A previous collision with a smaller companion could explain why the Moon's two sides look so different. Martin Jutzi and Erik Asphaug
Earth once had two moons, which merged in a slow-motion collision that took several hours to complete, researchers propose in Nature today.
Both satellites would have formed from debris that was ejected when a Mars-size protoplanet smacked into Earth late in its formation period. Whereas traditional theory states that the infant Moon rapidly swept up any rivals or gravitationally ejected them into interstellar space, the new theory suggests that one body survived, parked in a gravitationally stable point in the Earth–Moon system.
Several such ‘Lagrangian’ points exist, but the two most stable are in the Moon’s orbit, 60° in front or 60° behind.
Traces of this ‘other’ moon linger in a mysterious dichotomy between the Moon’s visible side and its remote farside, says Erik Asphaug, a planetary scientist at the University of California, Santa Cruz, who co-authored the study with Martin Jutzi, now of the University of Berne.
The Moon’s visible side is dominated by low-lying lava plains, whereas its farside is composed of highlands. But the contrast is more than skin deep. The crust on the farside is 50 kilometres thicker than that on the nearside. The nearside is also richer in potassium (K), rare-earth elements (REE) and phosphorus (P) — components collectively known as KREEP. Crust-forming models show that these would have been concentrated in the last remnants of subsurface magma to crystallize as the Moon cooled.
What this suggests, Asphaug says, is that something ‘squished’ the late-solidifying KREEP layer to one side of the Moon, well after the rest of the crust had solidified. An impact, he believes, is the most likely explanation.
“By definition, a big collision occurs only on one side,” he says, “and unless it globally melts the planet, it creates an asymmetry.”
Asphaug and Jutzi have created a computer model showing that the Moon’s current state can be explained by a collision with a sister moon about one-thirtieth the Moon’s mass, or around 1,000 kilometres in diameter.
Such a moon could have survived in a Lagrangian point long enough for its upper crust and that of the Moon to solidify, even as the Moon’s deeper KREEP layer remained liquid.
Meanwhile, tidal forces from Earth would have been causing both moons to migrate outward. When they reached about one-third of the Moon’s present distance (a process that would take tens of millions of years), the Sun’s gravity would have become a player in their orbital dynamics.

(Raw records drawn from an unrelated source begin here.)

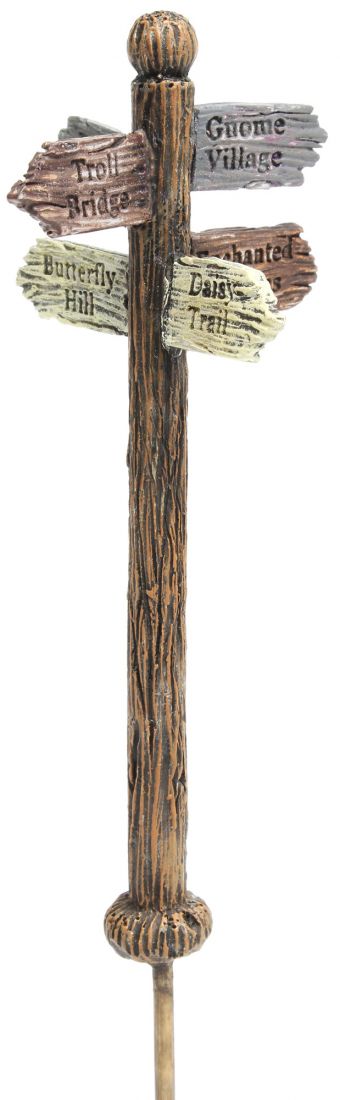 FAIRY GARDEN – RESIN – ‘STREET SIGN’ | MG373 | 9” T BY 1.75” W | HELP DIRECT THE WAY IN YOUR FAIRY GARDEN WITH THIS DARK BROWN TREE LIMB/CARVED INTO A POLE/PAINTED WOODEN SIGNS/KNOB ON TOP/STAKE AT BOTTOM | GNOME VILLAGE (GREY) – A FRIENDLY PLACE!/TROLL BRIDGE (LIGHT BROWN) – WATCH OUT FOR THIS ONE!/BUTTERFLY HILL (PALE YELLOW) – VERY COLORFUL AREA!/DAISY TRAIL (PALE YELLOW) – FOR ANYONE WHO LOVES FLOWERS!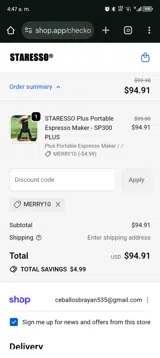 merry10 coupon verification screenshot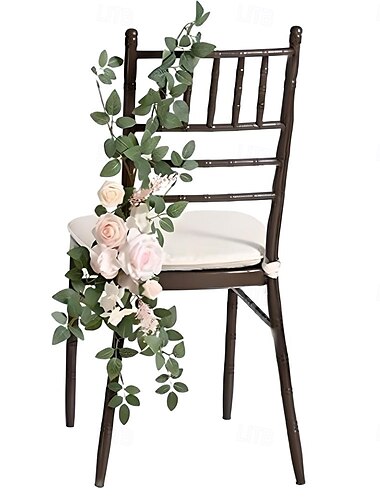  Dekorationen für den Hochzeitsgang zur Zeremonie, Blumen für Kirchenstühle mit künstlichen Rosen, Eukalyptus und Bändern, Partydekor für Hochzeiten im Freien und Eventkulissen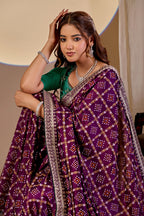 Fabrica Vibe Wine Purple Vichitra Bandhani Woven Saree with Zari Work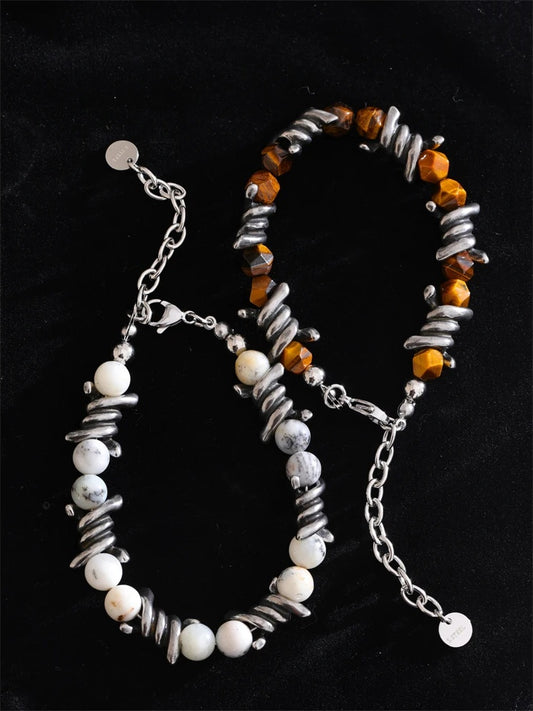 Natural jade tiger stone chain charm bracelet - product image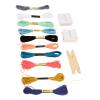 30pcs Weaving Cards Loom Card, DIY Craft Paper Tablet Weaving Kit with 2 Shuttles, 10 Embroidery Threads, Needle and Cloth Bag, Practical White Tablet Weaving Cards for Knitting an view 4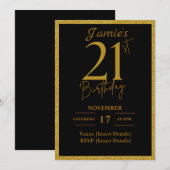 21e verjaardag Nodig Black en Glitter Gold uit Kaart (Voorkant / Achterkant)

“The Lagrange points become unstable and anything trapped there is adrift,” Asphaug says. Soon after, the two moons collided. But because they were in the same orbit, the collision was at a relatively low speed.
“It’s not a typical cratering event, where you fire a ‘bullet’ and excavate a crater much larger than the bullet,” Asphaug says. “Here, you make a crater only about one-fifth the volume of the impactor, and the impactor just kind of splats into the cavity.”
Like A Pancake
In the hours after the impact, gravity would have crushed the impactor to a relatively thin layer, pasted on top of the Moon’s existing crust. “You end up with a pancake,” Asphaug says. The impact would have pushed the still-liquid KREEP layer to the Moon’s opposite side.

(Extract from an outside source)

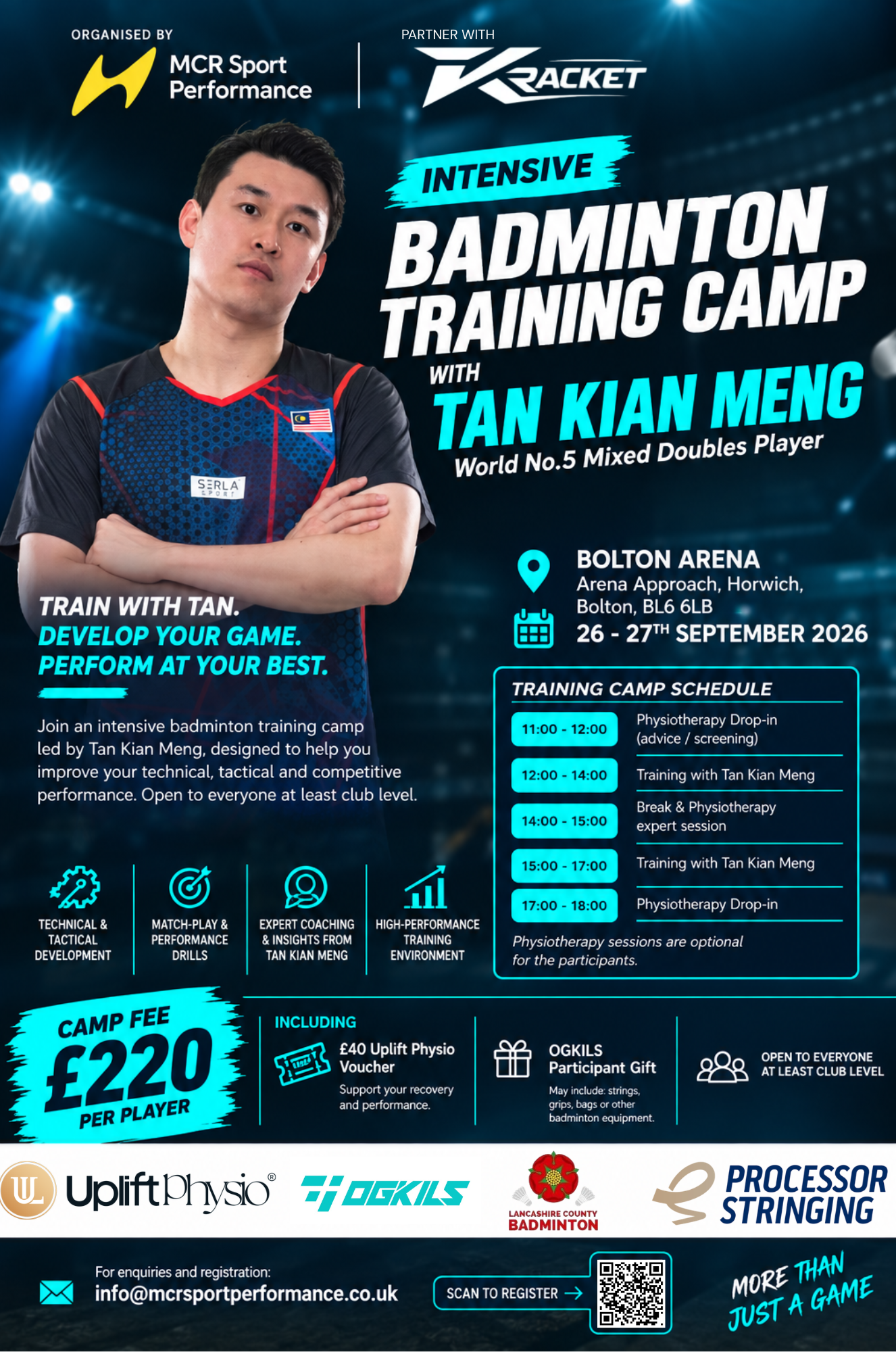 Intensive badminton training camp led by Tan Kian Meng at Bolton Arena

Apshaug’s theory isn’t the only attempt to explain the lunar dichotomy. Others have invoked tidal effects from Earth’s gravity, or convective forces from cooling rocks in the Moon’s mantle.
“The fact that the nearside of the Moon looks so different to the farside has been a puzzle since the dawn of the space age,” says Francis Nimmo, one of the authors of a 2010 paper in Science proposing tidal forces as the cause.
But despite his competing model, Nimmo (a colleague of Asphaug’s at Santa Cruz, but not an author of the new study) calls the new theory “elegant”.
And Peter Schultz of Brown University in Providence, Rhode Island, calls it “interesting” and “provocative”, despite his own theory involving a high-angle collision at the Moon’s south pole, which he believes would have pressed crustal material northward to form the farside highlands.
“All this is great fun and tells us that there are very fundamental questions that remain about the Moon,” he says.
NASA’s upcoming GRAIL mission, designed to probe the Moon’s interior using precise measurements of its gravity, may help figure out what happened billions of years ago. “But in the end,” Schultz says, “new lunar samples may be necessary.”